Au plan qualitatif, l’efficacité des mesures de discrimination territoriale attachées aux seules ZRR reste variable. L’exonération de charges sociales pour les embauches en ZRR a désormais une faible attractivité, compte-tenu des mesures d’allègement général des cotisations sociales patronales.

En revanche, l’exonération dont bénéficient les OIG demeure avantageuse en raison de son caractère exorbitant. Elle n’a pas produit les effets escomptés en termes de création d’emplois mais la mission considère que, du fait de sa concentration, elle a pu contribuer au maintien des emplois.

Les autres mesures dont bénéficient les ZRR sont globalement utiles. Le dispositif peut être regardé comme permettant de soutenir les efforts conséquents des collectivités locales pour enrayer le déclin de leurs territoires.

La mission se prononce donc pour le maintien d’un dispositif de discrimination territoriale au profit des espaces ruraux mais propose de redéfinir ce zonage à l’échelle des communautés de communes, à partir du critère de densité démographique pondéré par l’insuffisance de potentiel fiscal, et de limiter à 10 000 le nombre de communes composant ces Établissements publics de coopération intercommunale (EPCI).

La mission estime également nécessaire de donner aux collectivités locales les moyens de développer des logiques de projets. Elle recommande d’augmenter, à dotations constantes, la part des moyens consacrés à la péréquation au profit des communes et intercommunalités rurales. Elle recommande aussi de regrouper au sein de la dotation d’équipement des territoires ruraux les différents fonds mobilisés par ailleurs pour soutenir l’activité en zone rurale.

La mission considère que les actuels dispositifs d’exonérations fiscales doivent être prorogés.

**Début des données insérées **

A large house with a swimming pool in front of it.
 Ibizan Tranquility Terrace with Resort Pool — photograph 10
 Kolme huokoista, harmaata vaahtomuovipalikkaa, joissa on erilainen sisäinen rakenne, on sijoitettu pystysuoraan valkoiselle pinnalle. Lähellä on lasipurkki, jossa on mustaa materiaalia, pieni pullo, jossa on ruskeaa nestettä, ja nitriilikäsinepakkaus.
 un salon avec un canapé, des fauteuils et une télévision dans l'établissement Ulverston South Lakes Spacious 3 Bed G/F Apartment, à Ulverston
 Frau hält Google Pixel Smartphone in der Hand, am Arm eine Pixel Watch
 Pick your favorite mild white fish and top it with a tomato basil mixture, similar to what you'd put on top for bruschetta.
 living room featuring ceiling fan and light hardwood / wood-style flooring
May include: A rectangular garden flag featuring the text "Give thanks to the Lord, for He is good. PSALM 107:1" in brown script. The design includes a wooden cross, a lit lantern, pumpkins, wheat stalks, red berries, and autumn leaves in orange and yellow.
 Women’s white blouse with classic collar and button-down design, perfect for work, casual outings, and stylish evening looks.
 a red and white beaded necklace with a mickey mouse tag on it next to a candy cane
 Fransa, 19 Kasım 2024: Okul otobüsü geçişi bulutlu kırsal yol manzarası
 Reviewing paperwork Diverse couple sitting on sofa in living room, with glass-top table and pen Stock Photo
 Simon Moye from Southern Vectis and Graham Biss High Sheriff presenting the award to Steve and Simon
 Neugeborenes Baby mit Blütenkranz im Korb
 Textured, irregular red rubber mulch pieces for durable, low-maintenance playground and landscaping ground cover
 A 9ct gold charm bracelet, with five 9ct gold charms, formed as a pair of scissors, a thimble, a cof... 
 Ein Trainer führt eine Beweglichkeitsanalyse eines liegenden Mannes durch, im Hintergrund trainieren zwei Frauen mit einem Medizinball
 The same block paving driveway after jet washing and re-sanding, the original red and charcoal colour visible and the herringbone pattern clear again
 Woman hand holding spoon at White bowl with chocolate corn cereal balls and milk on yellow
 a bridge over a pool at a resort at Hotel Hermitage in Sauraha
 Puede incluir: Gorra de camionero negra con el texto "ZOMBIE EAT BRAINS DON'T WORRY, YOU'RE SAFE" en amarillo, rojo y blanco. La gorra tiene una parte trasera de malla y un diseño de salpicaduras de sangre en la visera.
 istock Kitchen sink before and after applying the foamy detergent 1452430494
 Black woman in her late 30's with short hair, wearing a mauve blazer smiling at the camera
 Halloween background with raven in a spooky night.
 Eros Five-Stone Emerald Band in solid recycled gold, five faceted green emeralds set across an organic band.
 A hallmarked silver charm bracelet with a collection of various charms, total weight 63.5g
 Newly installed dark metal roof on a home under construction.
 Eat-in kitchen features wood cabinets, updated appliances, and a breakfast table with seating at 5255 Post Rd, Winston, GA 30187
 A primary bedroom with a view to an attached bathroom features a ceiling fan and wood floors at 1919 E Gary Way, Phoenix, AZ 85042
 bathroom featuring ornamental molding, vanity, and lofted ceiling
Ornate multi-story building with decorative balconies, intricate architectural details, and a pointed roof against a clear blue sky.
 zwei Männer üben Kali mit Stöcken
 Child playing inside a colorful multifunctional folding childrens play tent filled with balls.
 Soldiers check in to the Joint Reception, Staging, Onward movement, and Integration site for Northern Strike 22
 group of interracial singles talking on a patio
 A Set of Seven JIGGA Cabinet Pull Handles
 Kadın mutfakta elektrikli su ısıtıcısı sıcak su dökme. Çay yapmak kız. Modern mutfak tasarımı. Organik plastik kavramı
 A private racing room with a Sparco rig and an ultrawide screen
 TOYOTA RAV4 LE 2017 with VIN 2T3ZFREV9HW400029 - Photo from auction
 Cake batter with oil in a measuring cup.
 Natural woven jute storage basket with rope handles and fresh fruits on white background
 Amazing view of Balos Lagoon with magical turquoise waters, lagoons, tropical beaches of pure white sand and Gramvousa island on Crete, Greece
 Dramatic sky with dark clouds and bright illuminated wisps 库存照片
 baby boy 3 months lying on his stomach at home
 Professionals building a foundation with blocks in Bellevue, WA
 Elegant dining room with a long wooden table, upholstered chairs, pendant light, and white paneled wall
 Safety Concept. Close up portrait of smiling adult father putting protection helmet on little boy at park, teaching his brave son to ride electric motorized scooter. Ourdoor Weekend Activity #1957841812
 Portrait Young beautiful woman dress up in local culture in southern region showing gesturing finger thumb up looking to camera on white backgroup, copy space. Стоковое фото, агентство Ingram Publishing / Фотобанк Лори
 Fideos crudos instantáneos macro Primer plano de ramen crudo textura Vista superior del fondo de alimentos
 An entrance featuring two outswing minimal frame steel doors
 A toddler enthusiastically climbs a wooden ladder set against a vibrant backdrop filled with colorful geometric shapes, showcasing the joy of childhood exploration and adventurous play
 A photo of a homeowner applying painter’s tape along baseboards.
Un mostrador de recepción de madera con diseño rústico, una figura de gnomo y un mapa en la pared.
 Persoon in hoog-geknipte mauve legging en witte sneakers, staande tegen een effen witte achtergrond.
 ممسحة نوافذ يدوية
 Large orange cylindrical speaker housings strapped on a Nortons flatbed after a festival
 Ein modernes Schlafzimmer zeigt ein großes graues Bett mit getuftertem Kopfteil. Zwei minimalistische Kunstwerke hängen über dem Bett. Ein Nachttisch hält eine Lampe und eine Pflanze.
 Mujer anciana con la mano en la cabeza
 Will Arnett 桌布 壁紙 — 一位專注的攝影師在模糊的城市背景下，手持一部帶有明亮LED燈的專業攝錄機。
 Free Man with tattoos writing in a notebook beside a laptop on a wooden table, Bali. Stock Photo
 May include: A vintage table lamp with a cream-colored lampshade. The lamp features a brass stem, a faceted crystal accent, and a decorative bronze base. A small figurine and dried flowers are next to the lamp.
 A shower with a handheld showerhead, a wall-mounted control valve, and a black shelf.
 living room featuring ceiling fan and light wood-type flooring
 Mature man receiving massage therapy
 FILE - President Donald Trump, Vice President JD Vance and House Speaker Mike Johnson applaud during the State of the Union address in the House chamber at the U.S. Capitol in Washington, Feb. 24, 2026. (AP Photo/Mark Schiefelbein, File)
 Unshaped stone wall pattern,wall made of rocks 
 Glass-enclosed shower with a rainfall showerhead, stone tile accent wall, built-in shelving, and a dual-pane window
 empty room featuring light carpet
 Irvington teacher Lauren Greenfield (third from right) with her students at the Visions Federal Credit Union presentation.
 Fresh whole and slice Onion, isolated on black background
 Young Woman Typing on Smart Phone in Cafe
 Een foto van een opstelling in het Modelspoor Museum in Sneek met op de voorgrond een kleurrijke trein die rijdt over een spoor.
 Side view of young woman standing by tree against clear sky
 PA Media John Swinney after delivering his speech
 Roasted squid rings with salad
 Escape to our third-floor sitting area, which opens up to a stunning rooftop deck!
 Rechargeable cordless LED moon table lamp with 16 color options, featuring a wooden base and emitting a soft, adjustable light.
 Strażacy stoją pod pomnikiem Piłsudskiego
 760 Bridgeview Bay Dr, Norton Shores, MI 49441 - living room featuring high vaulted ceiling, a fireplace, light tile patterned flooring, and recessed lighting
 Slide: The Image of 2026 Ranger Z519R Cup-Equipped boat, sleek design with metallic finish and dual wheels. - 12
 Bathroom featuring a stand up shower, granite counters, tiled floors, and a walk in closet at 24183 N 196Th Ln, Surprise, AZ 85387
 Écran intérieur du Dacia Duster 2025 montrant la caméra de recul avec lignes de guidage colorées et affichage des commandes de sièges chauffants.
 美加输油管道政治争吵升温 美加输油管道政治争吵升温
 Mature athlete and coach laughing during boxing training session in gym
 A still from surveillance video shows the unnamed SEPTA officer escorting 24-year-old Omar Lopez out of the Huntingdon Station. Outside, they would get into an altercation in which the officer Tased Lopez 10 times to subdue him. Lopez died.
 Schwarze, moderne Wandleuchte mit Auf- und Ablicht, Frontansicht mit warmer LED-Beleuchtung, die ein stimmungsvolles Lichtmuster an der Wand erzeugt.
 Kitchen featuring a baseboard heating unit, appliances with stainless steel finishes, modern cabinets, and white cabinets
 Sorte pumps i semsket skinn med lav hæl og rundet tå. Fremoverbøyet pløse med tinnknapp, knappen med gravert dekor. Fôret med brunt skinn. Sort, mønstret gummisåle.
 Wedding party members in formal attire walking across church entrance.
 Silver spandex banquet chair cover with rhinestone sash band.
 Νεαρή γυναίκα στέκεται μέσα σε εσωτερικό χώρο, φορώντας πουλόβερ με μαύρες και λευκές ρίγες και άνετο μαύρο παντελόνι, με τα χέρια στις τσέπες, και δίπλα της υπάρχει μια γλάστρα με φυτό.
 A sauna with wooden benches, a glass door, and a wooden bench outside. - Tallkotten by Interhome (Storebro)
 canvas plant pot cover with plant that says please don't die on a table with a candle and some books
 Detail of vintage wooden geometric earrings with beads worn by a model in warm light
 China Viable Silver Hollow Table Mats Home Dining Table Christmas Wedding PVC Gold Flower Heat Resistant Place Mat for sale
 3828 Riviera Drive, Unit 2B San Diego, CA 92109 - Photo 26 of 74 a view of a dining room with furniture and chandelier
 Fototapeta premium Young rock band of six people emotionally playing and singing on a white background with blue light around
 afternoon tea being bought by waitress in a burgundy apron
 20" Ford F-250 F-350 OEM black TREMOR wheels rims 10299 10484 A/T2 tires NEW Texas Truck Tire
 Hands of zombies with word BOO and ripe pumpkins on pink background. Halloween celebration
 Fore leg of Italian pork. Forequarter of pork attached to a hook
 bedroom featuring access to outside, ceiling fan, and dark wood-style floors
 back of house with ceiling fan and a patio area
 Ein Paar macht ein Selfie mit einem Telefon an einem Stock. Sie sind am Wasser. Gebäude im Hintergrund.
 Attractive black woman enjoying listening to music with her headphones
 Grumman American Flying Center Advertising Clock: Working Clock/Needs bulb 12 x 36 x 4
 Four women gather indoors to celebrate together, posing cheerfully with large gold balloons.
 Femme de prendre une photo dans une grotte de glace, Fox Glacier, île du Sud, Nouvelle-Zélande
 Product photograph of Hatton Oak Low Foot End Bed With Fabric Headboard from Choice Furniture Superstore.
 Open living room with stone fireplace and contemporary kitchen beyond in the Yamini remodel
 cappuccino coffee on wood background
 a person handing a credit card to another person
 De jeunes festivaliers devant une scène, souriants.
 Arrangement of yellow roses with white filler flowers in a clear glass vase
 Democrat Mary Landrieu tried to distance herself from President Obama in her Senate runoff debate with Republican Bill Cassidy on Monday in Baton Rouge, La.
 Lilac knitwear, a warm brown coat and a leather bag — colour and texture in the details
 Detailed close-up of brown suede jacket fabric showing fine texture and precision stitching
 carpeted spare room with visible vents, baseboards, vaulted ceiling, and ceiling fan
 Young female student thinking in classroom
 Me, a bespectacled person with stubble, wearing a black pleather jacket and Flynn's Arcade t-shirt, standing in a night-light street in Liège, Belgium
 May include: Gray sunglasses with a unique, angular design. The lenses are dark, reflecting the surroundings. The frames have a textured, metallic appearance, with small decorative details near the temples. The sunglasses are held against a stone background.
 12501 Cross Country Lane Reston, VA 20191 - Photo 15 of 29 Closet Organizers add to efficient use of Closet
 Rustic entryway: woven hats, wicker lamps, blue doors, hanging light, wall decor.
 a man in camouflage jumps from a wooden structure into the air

Elle estime, en revanche, que l’exonération de charges sociales au titre des nouvelles embauches ne se justifie plus.

Pour ce qui concerne les exonérations ouvertes aux OIG, la mission propose deux scénarios d’évolution contrastés, portant soit sur l’extinction naturelle du dispositif, soit sur une sortie progressive du dispositif en trois ans à compter du 1er janvier 2016.

La mission confirme enfin la nécessité d’une évaluation continue de ces mesures et d’un meilleur portage interministériel de la politique nationale en faveur des zones rurales.

La ministre en charge de la ruralité, a annoncé le 10 septembre 2014 la tenue d’assises des ruralités. Ces assises se sont déroulées l’automne dernier sous la forme de sept ateliers thématiques territoriaux. Les suites de ces assises et de leurs travaux préparatoires devraient être annoncées courant février 2015. Dans l’attente et comme suggéré par la mission, les mesures d’exonérations fiscales ont été reconduites pour 2015.